The thin film capacitor according to claim 2, wherein: 4. The thin film capacitor according to claim 1, wherein the conductive substrate comprises a base material and a thin film of a conductive material formed on the base material. 5. A (00) tetragonal system at least on the surface of the substrate.
1) The thin film capacitor according to claim 4, which has a crystal structure belonging to one of a plane and a cubic system. 6. The thin film capacitor according to claim 4, wherein the thin film of the conductive material has a thickness of 80 nm or less. 7. A first electrode, a dielectric film made of a dielectric material having a perovskite type crystal structure belonging to either a tetragonal system or a hexagonal system epitaxially grown on the first electrode, and the dielectric film. A thin film capacitor comprising a second electrode formed on a body film, wherein the dielectric film has a film thickness of 15 nm or more, and the C-axis length Ce of the dielectric material after epitaxial growth and the C-axis length Ce
And a corresponding tetragonal C-axis length or hexagonal a-axis length Co of the dielectric material before the epitaxial growth satisfying the following relational expression. Ce / Co ≧ 1.02 8. The dielectric material has the general formula (Ba _x Sr _1-x ) T.
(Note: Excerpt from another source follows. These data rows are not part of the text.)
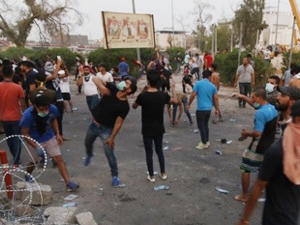 Basra'daki olaylar nedeniyle Irak'ın en büyük limanı kapatıldı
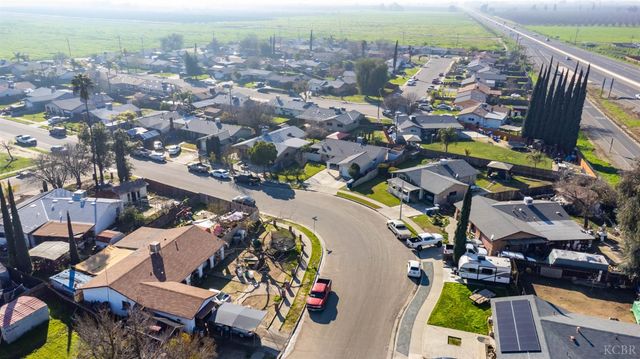 11384 Manzanita Street, Armona, CA 93202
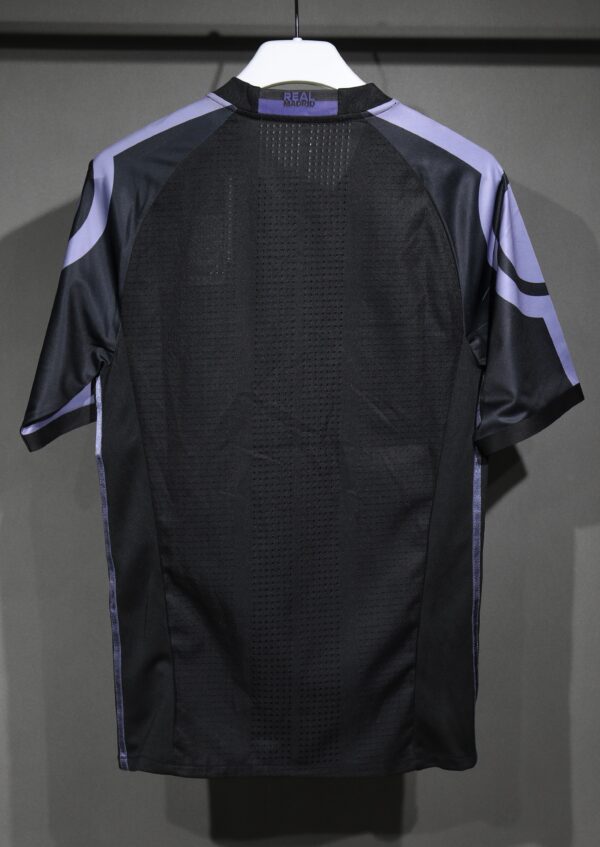 16-17 Real Madrid Third Kit Retro - Image 2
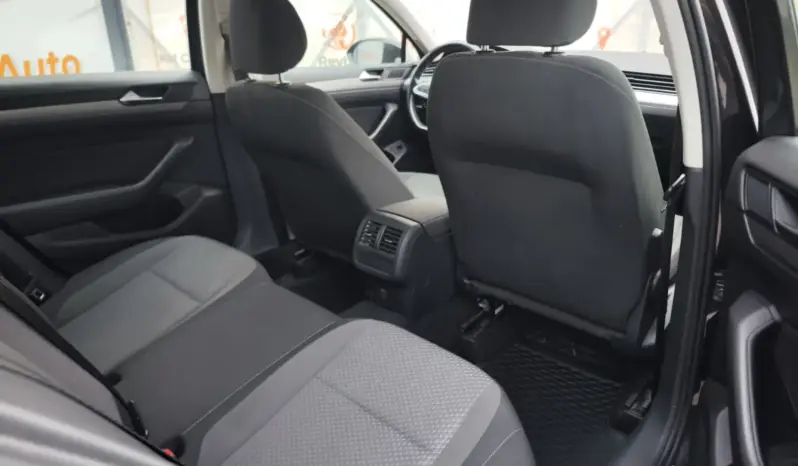 
								VOLKSWAGEN PASSAT full									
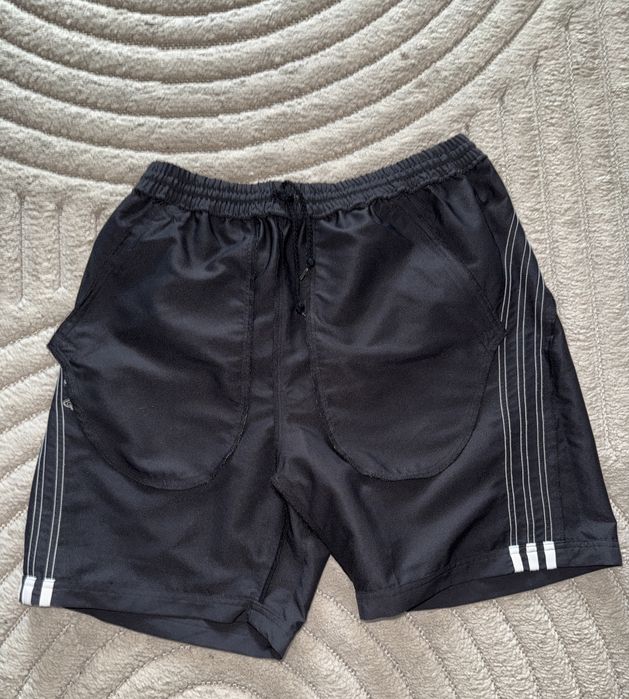 Pantaloni scurti Adidas (short)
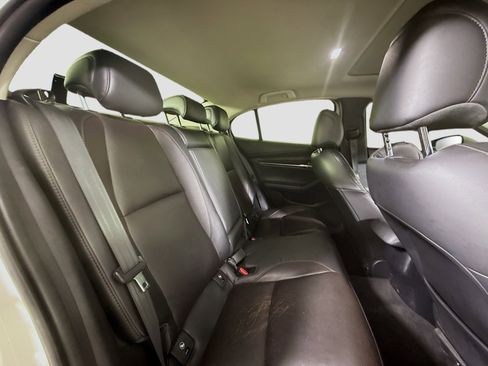 Used 2020 MAZDA MAZDA3 Sedan w/ Premium Package image 27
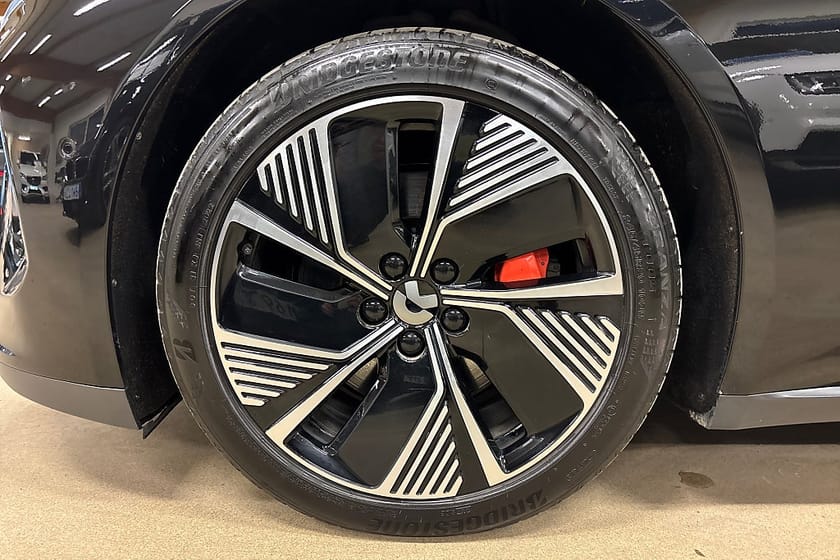 Bild 5 av NIO ET7 Long Range 100 kWh / AWD / 653HK / Moms / Panorama / 360-kamera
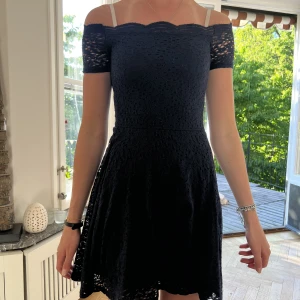 Söt klänning - Marinblå klänning i bra skick!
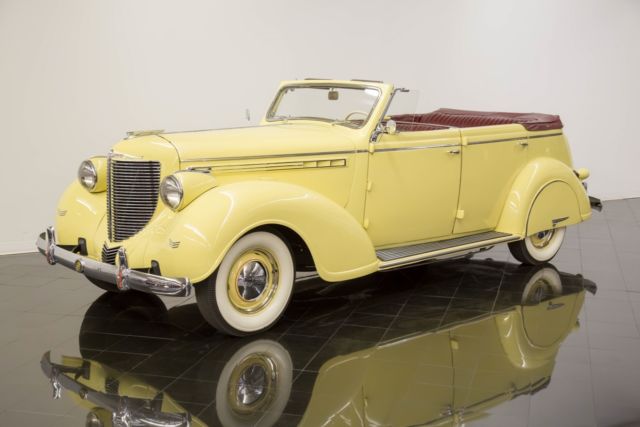 1938 Chrysler Imperial Eight Convertible Sedan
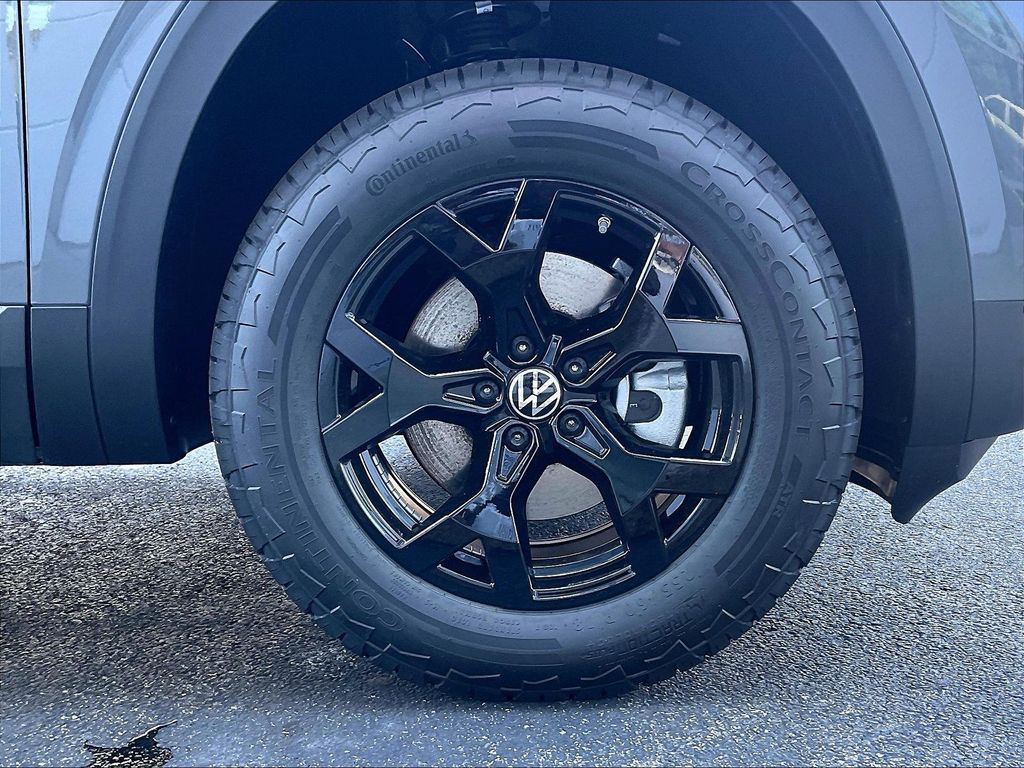 2026 Volkswagen Atlas — photo 8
The thin film capacitor according to claim 1, wherein the thin film capacitor has a perovskite composition represented by iO ₃ (0.30 ≦ x ≦ 0.90). 9. The thin film capacitor according to claim 1, wherein the film thickness of the dielectric film is 70 nm or more. 10. The thin film according to claim 1, wherein the Curie temperature inherent to the dielectric material is room temperature or lower, and the dielectric film made of this dielectric material exhibits ferroelectricity at room temperature. Capacitors. 11. A memory cell comprising the thin film capacitor according to claim 1, and a switching transistor connected to the thin film capacitor, the memory cells being arranged in a matrix. Semiconductor memory device. 12. A thin film comprising a first electrode, a dielectric film made of a crystal positive dielectric material epitaxially grown on the first electrode, and a second electrode formed on the dielectric film. In a semiconductor memory device in which memory cells each including a capacitor and a switching transistor connected to the thin film capacitor are arranged in a matrix on a silicon substrate, an insulating film having a partial opening on the silicon substrate is provided. A (100) oriented silicon layer is grown and
A semiconductor memory device comprising a dielectric film of the thin film capacitor formed on an oriented silicon layer. 13. The semiconductor memory device according to claim 11, wherein the dielectric film of the thin film capacitor exhibits ferroelectricity at room temperature, and an electric field higher than a coercive electric field is applied to the dielectric film to form a dielectric film.・ Information is written by utilizing the fact that the interface resistance of the electrode changes depending on the polarization direction of the dielectric film,
A semiconductor memory device, wherein nondestructive reading of information is performed by utilizing a change in leak current value when an electric field equal to or less than a coercive electric field is applied.